No matter what else she does in her day, Judy Piper is, first and foremost, a people manager. Her role as a senior engineering manager in the Enterprise business unit is all about empowering others, and her curiosity and fearlessness help her succeed. Judy recently answered a few questions about her cool new project, her advice to others and her favorite extreme sport.
How did you come to join Akamai?
I was working for IBM when Akamai contacted me through LinkedIn. I watched Tom Leighton's video on how the company got started and he explained how the Akamai mapping system worked. I was completely inspired by it.
Tell us about your role as a senior engineering manager in the Enterprise & Carrier division. What are you working on?
As a senior engineering manager in the Enterprise business unit, I wear many hats. As SRIP Network business owner, I lead engineering teams to develop and support the Akamai Intelligent Platform, "SureRoute IP (SRIP)," which improves performance of applications and networks by addressing problems starting at the TCP/IP layer, enabling Akamai Cloud Networking Solutions for Enterprise.
As a product engineering lead, I'm directly accountable for delivery of Cloud Networking engineering commitments that support "optimized transport capabilities," ensuring end-to-end reliability and performance for IP-VPNs and cloud SaaS applications for enterprise, over the SRIP network.
My team recently started on a very cool project to improve performance by mitigating loss on the last mile and I'm quite excited about it.
But ultimately, I'm a people manager. The most important part of my responsibilities is to empower everyone on my team to reach their potential while keeping them focused on high-priority deliverables for the business unit.
What is one of your favorite experiences at Akamai?
I'm passionate about workplace diversity. Having been fortunate enough to have so many wonderful mentors who invested in my career development and supported me, I look for opportunities to pay it forward, providing mentorship and leading participation in various women in computing events such as the Grace Hopper Conference. Last year, I helped Akamai increase its presence in GHC and we sent 27 people and had a career booth and a mixer party. I met and made meaningful connections with so many talented Akamai women.

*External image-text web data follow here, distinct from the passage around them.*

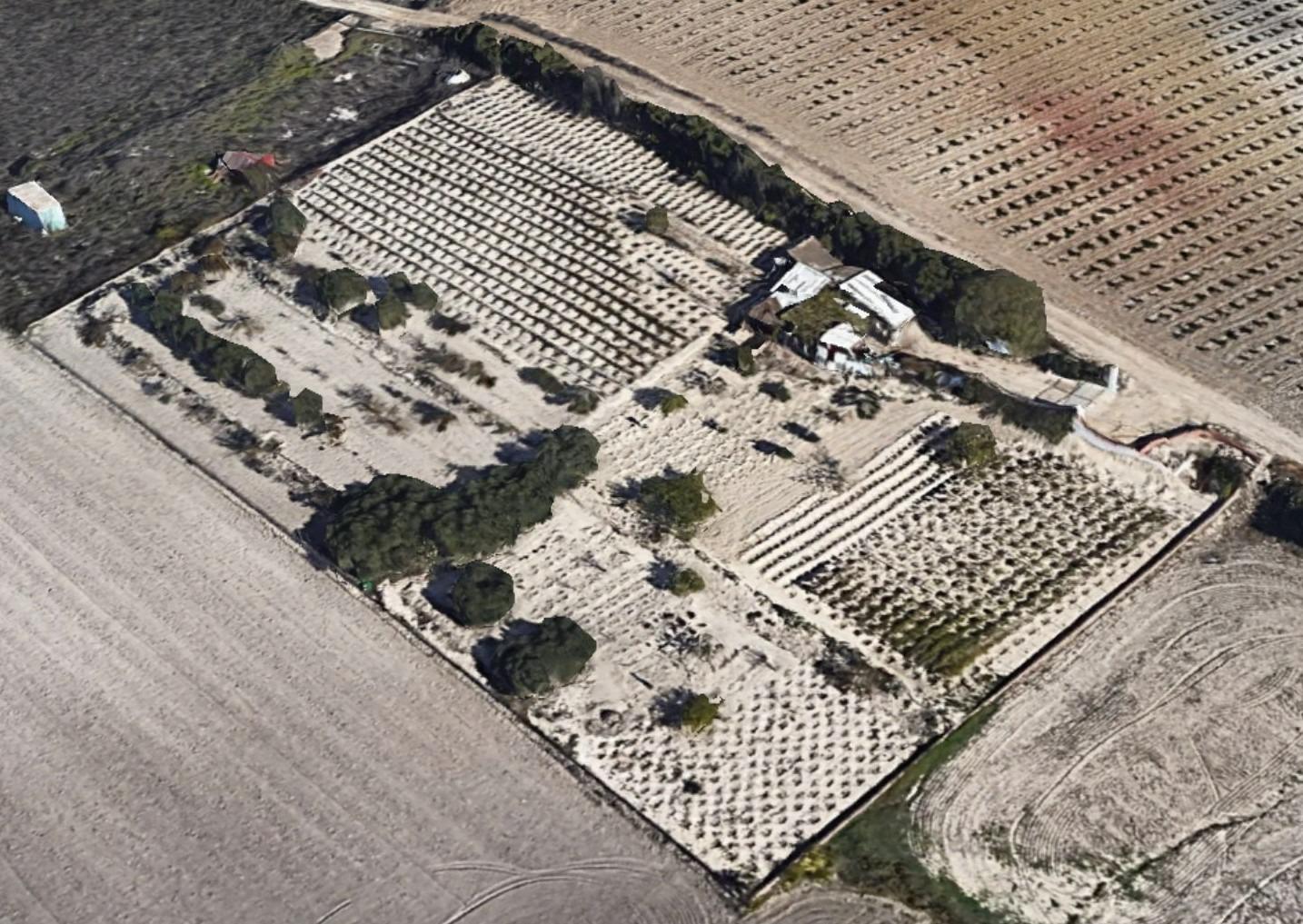 ¡Oportunidad única! Parcela SEGREGADA de 4.272 m² en Chiclana de la Frontera – Zona Miralamar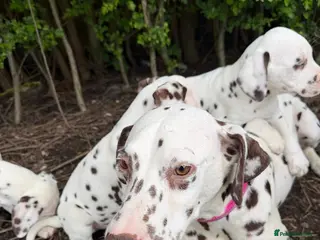 Dalmatian dogs Liver spot Dalmatian puppy’s - Advert 5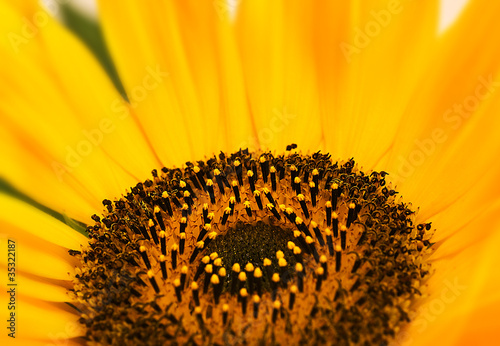 Foto: macro sunflower macro sunflower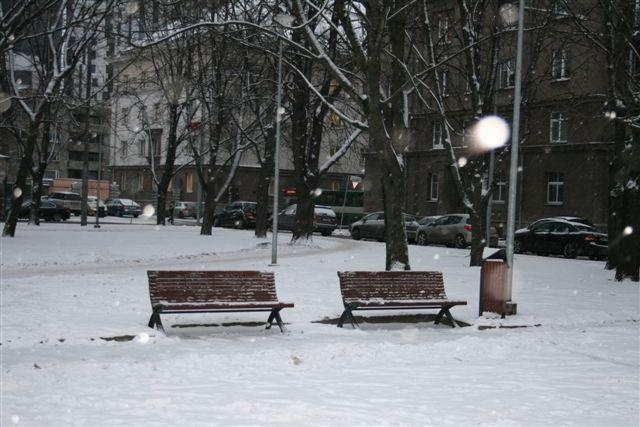 euroform w - street furniture - robust bench made of high-quality wood for urban spaces - minimalist wooden seating for outdoors - high-quality designer street furniture - Palazzo hardwood park bench and cast iron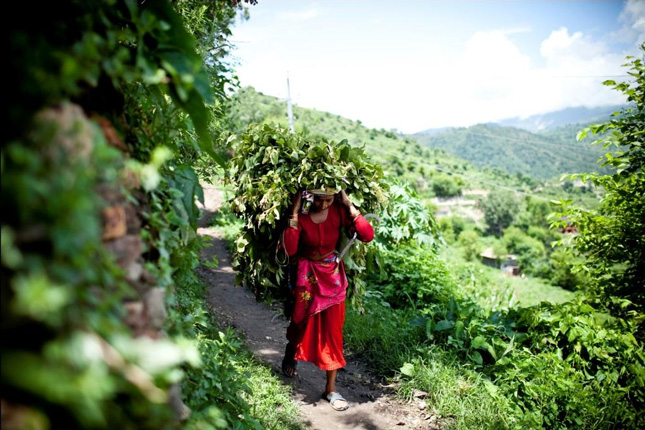 Nepal-woman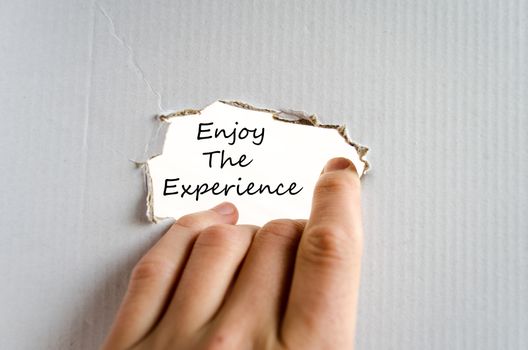 Enjoy the experience text concept isolated over white background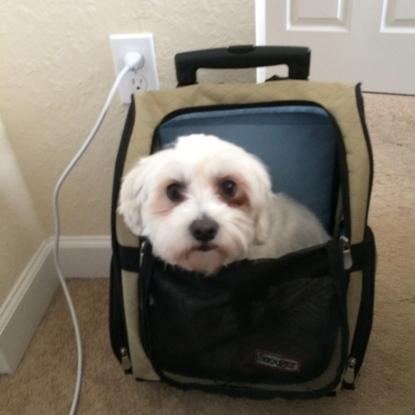 Brandy lista para viajar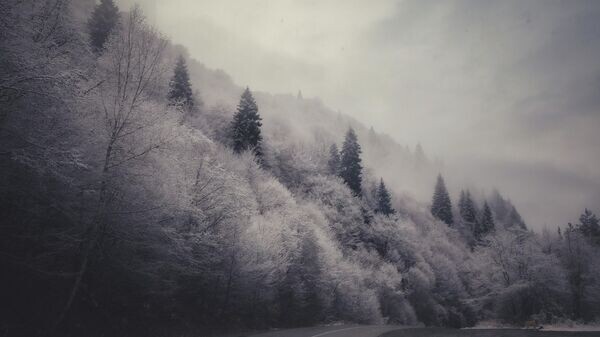    © Sputnik / Natalia Airiyan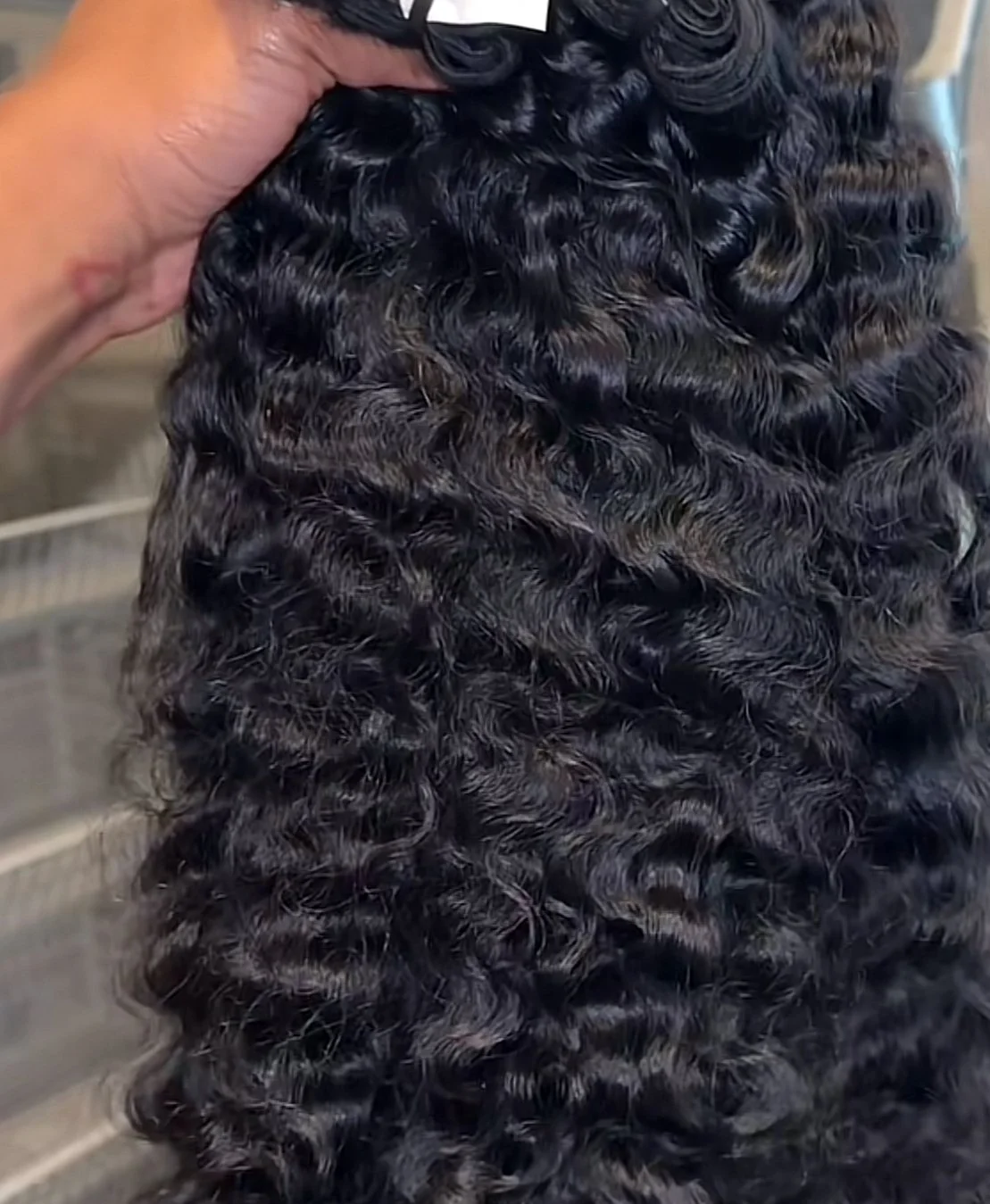 BURMESE CURL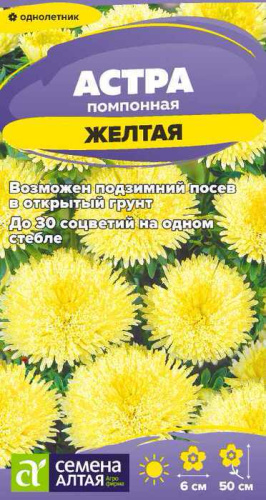 Астра Жёлтая помпонная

What are you favorite three things to do in your free time?
Cuddling with my son while watching a movie. Indoor rock climbing. I am at V3/5.10b. I want to finish one V4 this year. Hanging out with my friends over good food and wine.
If you had an extra hour each day, how would you use it?
What has been the key to your success?
I didn't realize that I was successful. I wish it was my good looks, but I know that's not it. I'd like to think that I'm a genuine, curious and fearless soul who tends to go for a challenge. My friend told me to "be your amazing, awesome self, Judy!" I try to tell myself that when I'm feeling down or I need courage to do something.
If you could give one piece of advice to someone starting out at Akamai, what would it be?
Be patient with yourself. It's a great place to learn, so take advantage of it. Find mentors.
What's your favorite app?
Pandora, since I can't admit that I use Facebook all the time.
What's the last show or movie you streamed?
John Oliver's show.
If Akamai was an animal, what animal would it be and why?
Bull. It's smart, honest, strong, focused and determined.
What is your favorite part of working at Akamai?
Attending Akamai's internal Tech Summit last year was awesome. I hope I get to go again.